The technology giant is accused of failing to declare 100 million euros in income and pay 200 million euros in royalty taxes, the source said.
Corporate income tax in Italy currently stands at 27.50 percent, putting the total amount due at 227.5 million euros.
"Google complies with the tax laws in every country where we operate. We continue to work with the relevant authorities," a spokesperson for the company in Milan said.
The claim comes against a backdrop of mounting controversy over the tax arrangements of multinational groups who use cross-border corporate structures to reduce their tax bills, sometimes with the help of potentially illegal 'sweetheart' deals.
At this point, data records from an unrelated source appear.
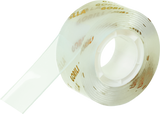 Gorilla Tape Monteringstejp 1,52 m x 25,4 mm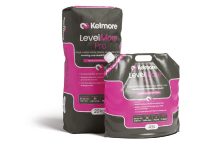 Kelmore products ‘meet varied demands of industry’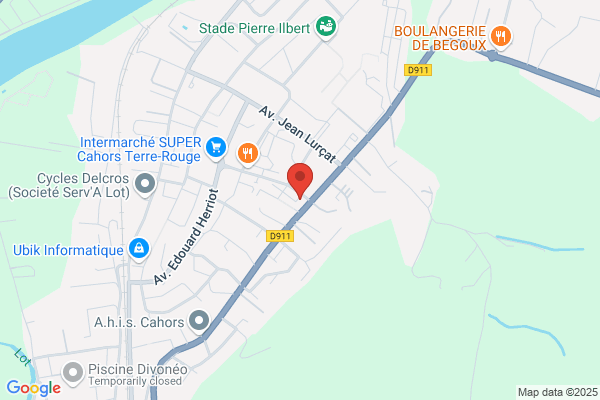 Caisse D Epargne Midi Pyrenees Siege Direction Du lot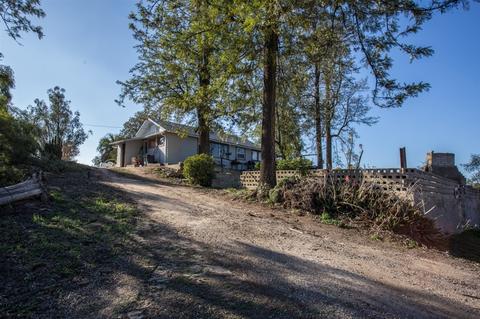 300 3rd, Ramona, CA 92065 photo 8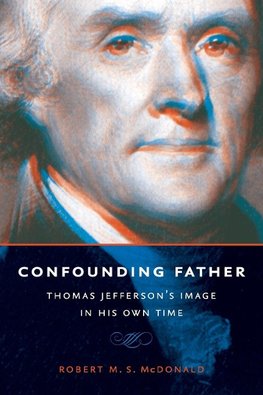 Confounding Father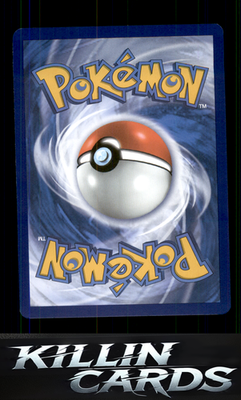 Espurr 081/195 Pokemon Common SWSH12: Silver Tempest Card NM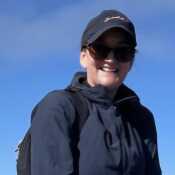 CoolVolunteer24ca15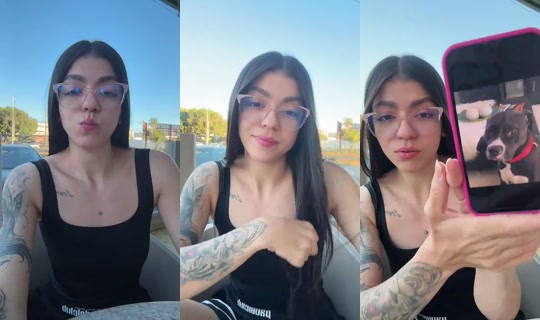 Suzy_cosplayer Bigo Live — Jul 20, 2026, 8:21 PM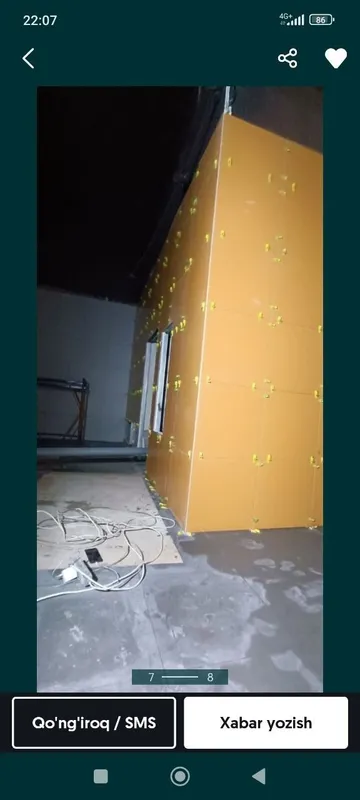 Kafel ustasi kafel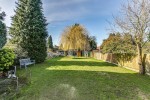Images for North Down, Sanderstead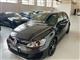 VOLKSWAGEN Golf GTD 2.0 TDI 5p. DSG BlueMotion Technology Due Volumi (12/2016)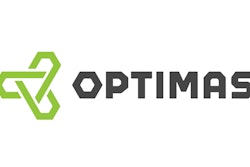 Screen Shot 2022 08 24 At 9 03 56 Am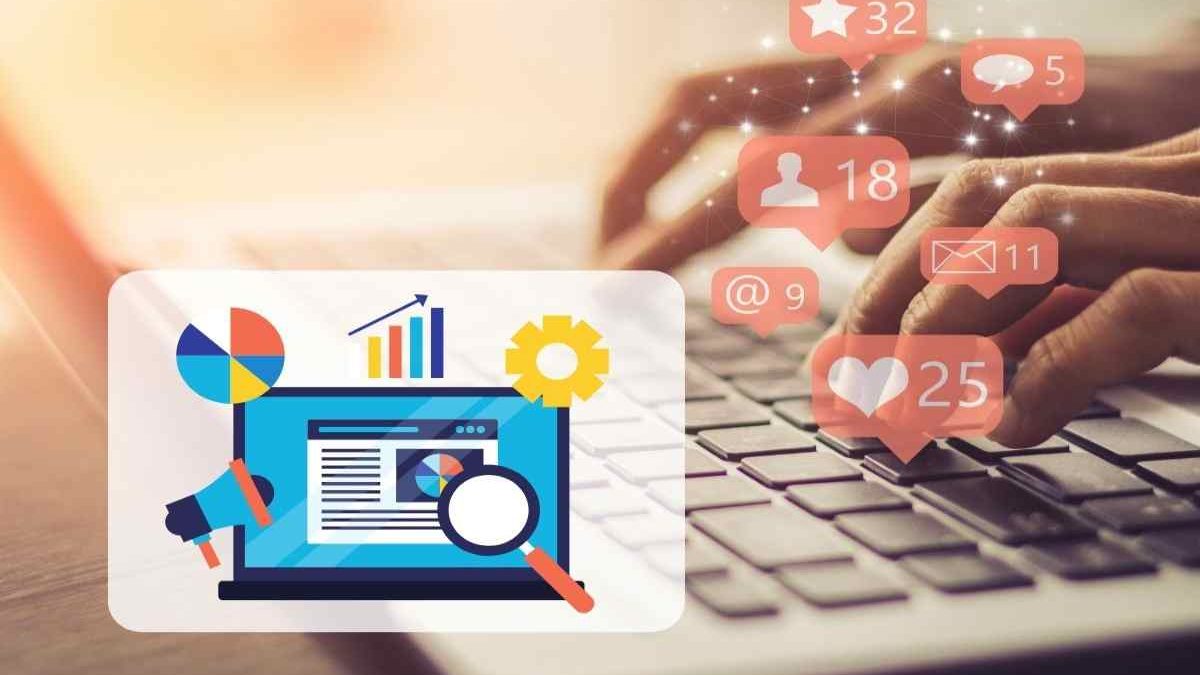 Guide to Local Marketing – About, Uses and More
Google Italia is part of the company's European operation which is headquartered in Ireland, a country with one of the lowest levels of corporation tax in the European Union.
Italy's move follows the striking of a controversial deal in Britain last week which saw the Internet mammoth agree to fork out over 172 million euros in back taxes -- an amount scoffed at by the opposition as an effective tax rate of three percent.
It also comes a day after over 30 OECD countries signed an agreement to share information about multinationals in a push to boost transparency following public anger over large corporations playing the system to lower their tax bills.
In December, Apple agreed to pay Italy 318 million euros to settle a tax dispute after the US tech giant was investigated for suspected fraud.